"It's devastating," said Diane Felten. "You kind of just take a breath and go. There really are no words to describe it."
Lifelong Beach Haven resident Diane Felten says no storm has ever done this before.
She joined other full and part time residents and business owners allowed back on Long Beach Island. Their cleanup on the 18-mile island is now officially underway.
"I'm finding pictures that belong to my neighbor from across the street," Kathe McLaughlin.
Kathe McLaughlin lives in her Beach Haven home part time, but her family spends Christmas there every year.
The McLaughlins are now hunting for their Christmas decorations. Flood waters moved everything around inside her home and carried the entire neighborhoods belongs through the streets.
Flood waters have ruined homes from one end of the island to businesses like Rich Freund's blinds store all the way at the other end.

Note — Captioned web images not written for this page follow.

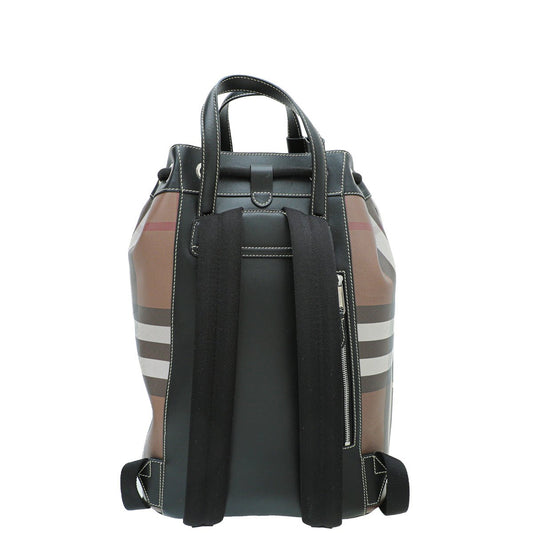 Burberry Bicolor Drawstring Backpack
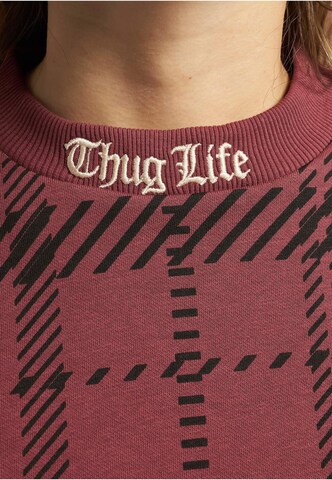 Thug Life Sweatshirt in Brown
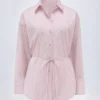 Lerici Oversized-skjorta i rosa randigt Lerici Oversized-skjorta i rosa randigt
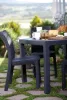 Keter melody polyrattan kerti asztal - grafit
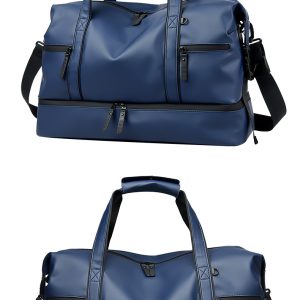 Travel bag men's large-capacity short-distance duffle bag high-end men's bag business trip travel bag sports fitness bag crossbody bag – Image 6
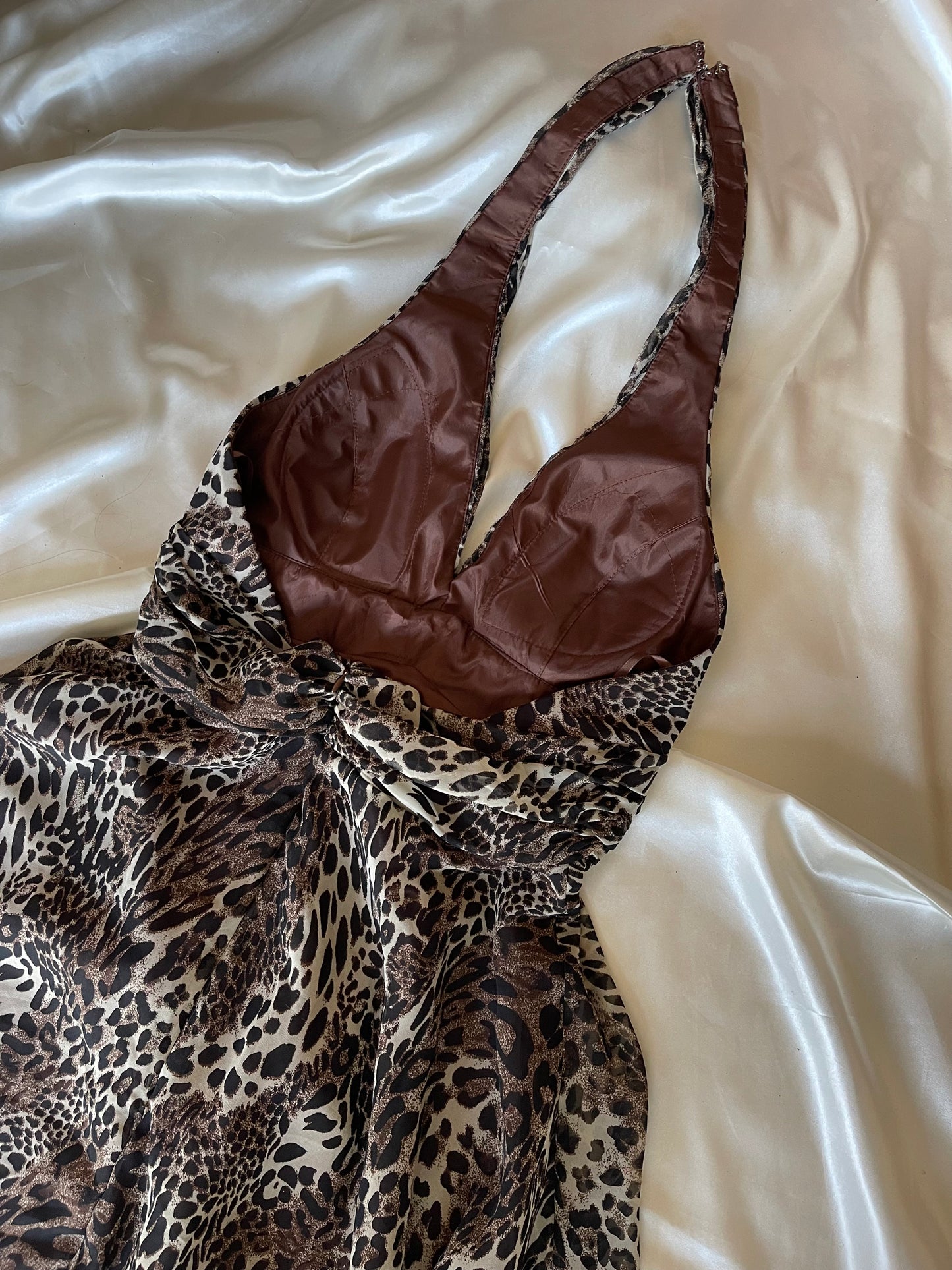 Leopard Panther Print Mini Dress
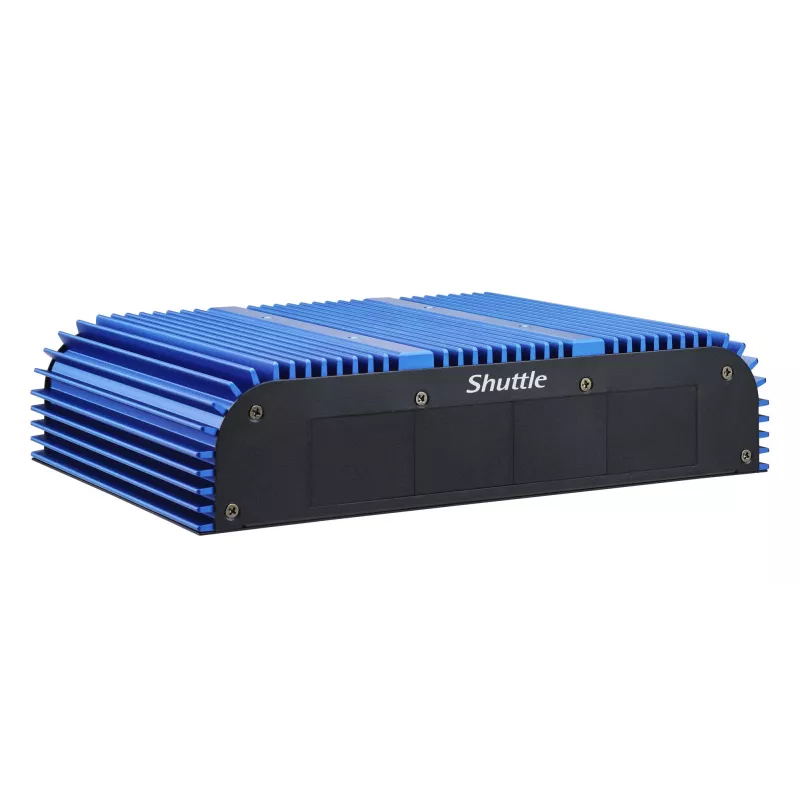 Shuttle BPCAL02-i5 pramoninis Box-PC, Core i5-1235U , 2x SO-DIMM, 2x LAN, 1x COM, 1xHDMI,4x USB, be ventiliatoriaus, 24/7 nuolatinis veikimas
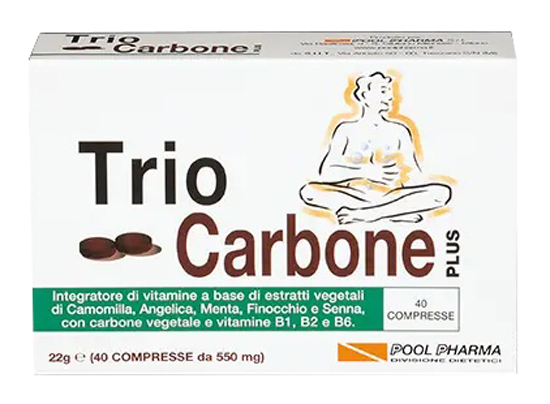 TRIOCARBONE PLUS 40 COMPRESSE - farmacia015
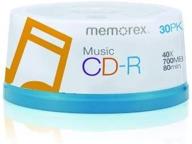📀 memorex 15404001 music cd-r da, 80 minute, 700 mb 40x (30-pack spindle) - discontinued by manufacturer - buy online now! logo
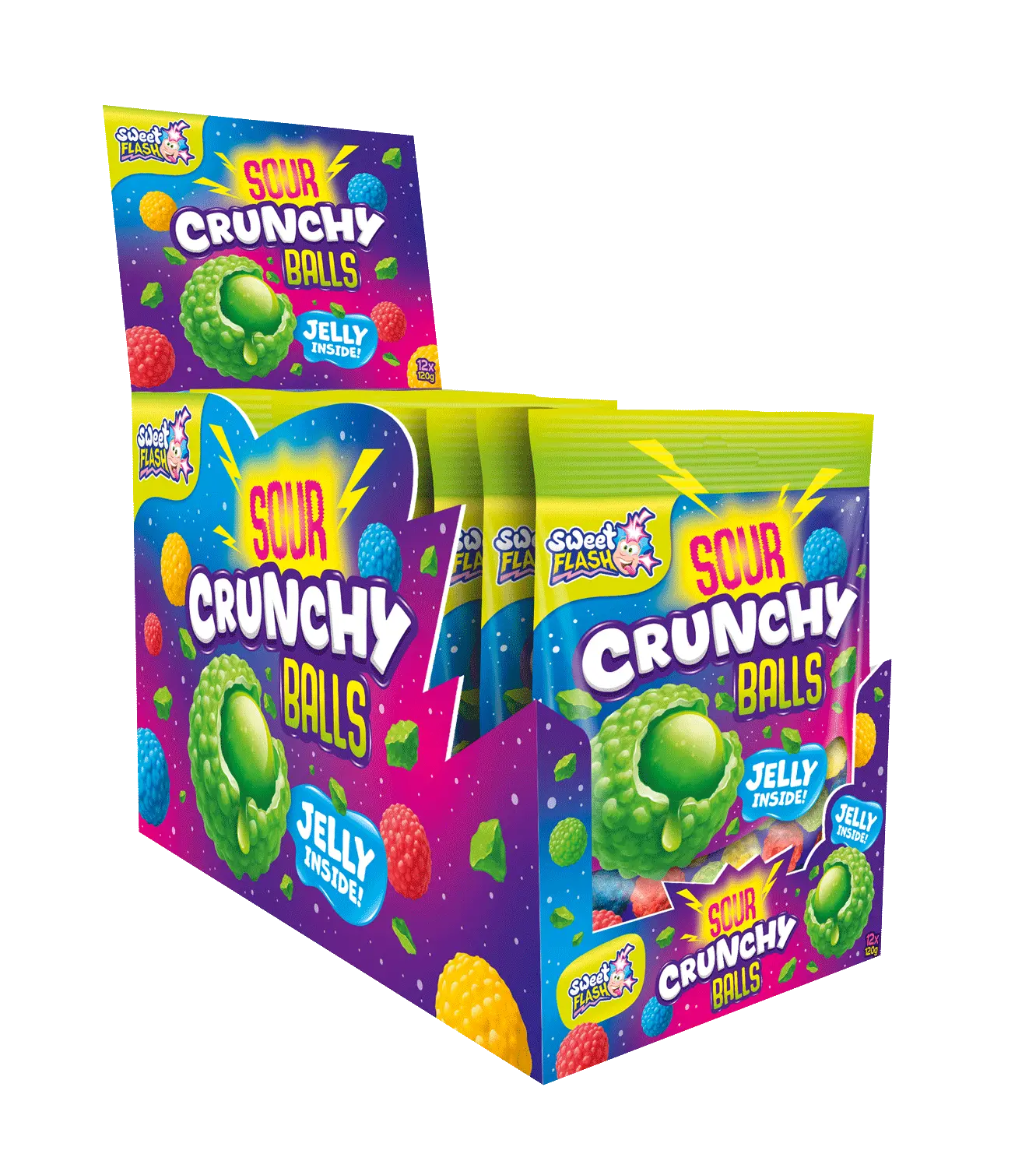 Sweet Flash Sour Crunchy Balls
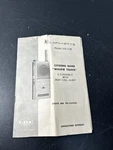Lafayette HA-73B Citizens Band Walkie Talkie Operating Instructions 99-32542L. Fixed Price $10.00.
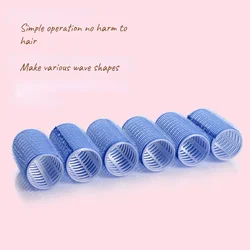 Velcro auto adesivo modelador de cabelo franja macio raiz do cabelo modelador de cilindro de cabelo 6 conjuntos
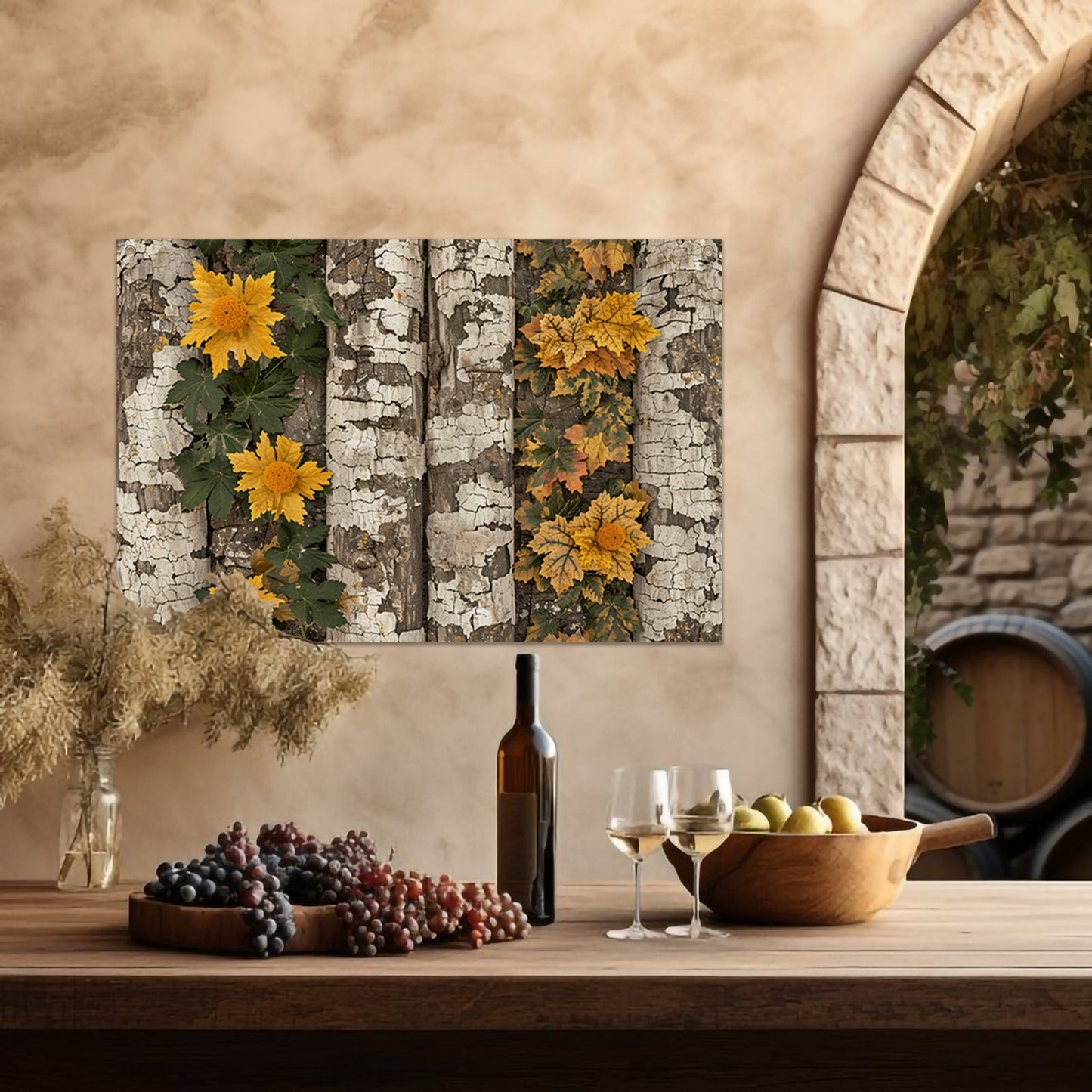 Zonnebloemen van Van Gogh tuinposter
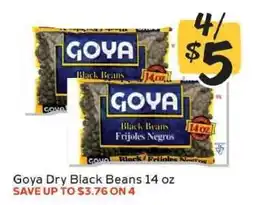 Winn Dixie Goya Dry Black Beans offer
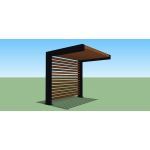 Icon Shelter Systems Inc - Arbor (Straight Cantilever) AS8x10K-P0-20-90-150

"We just pulled up something with mold on it so that's it, we're getting rid of everything," he said.
Freund estimates it will be three months until he can reopen.
Officials say the worst damage is in Beach Haven and Holgate.
Residents are still not allowed on the island because the damage can still prove dangerous, but contractors winterizing homes and doing emergency repairs and allowed back in.
The state called in the National Guard to work on building up the sand that Sandy swept away, leaving many homes more vulnerable to the ocean.
"We are doing the whole beach of Holgate, so it is going to be a few days of rebuilding," said Doriann Buzzetta.10,000 people call LBI home full time.
Street sweepers are working on removing the caked sand off the streets, while water-soaked furniture lines the curbs all over the island.
"That's just scratching the surface. We still have another half a house full of stuff," said Jeff Paton.
Jeff Paton and his wife Deborah are getting help from a neighbor who has nothing left.
"They're my friends, it's a small community here everyone comes together and we watch each other's backs," said Gregory Weerheim. "We love it here, but when you look at this, it's horrible."
Damage estimates for the 18 mile island are upwards of $750 million.
Of the residents who can remain on the island, few have electricity and no one has gas.
Lifelong residents vow to rebuild.
"We're strong, the island will be back," said Diane Felten. "I have no doubt about that."
The Route 72 causeway opened to full and part time residents and local business owners Saturday.
"I don't know where to begin," said Kathe McLaughlin.
Beach Haven and Holgate got the brunt of the damage on the island.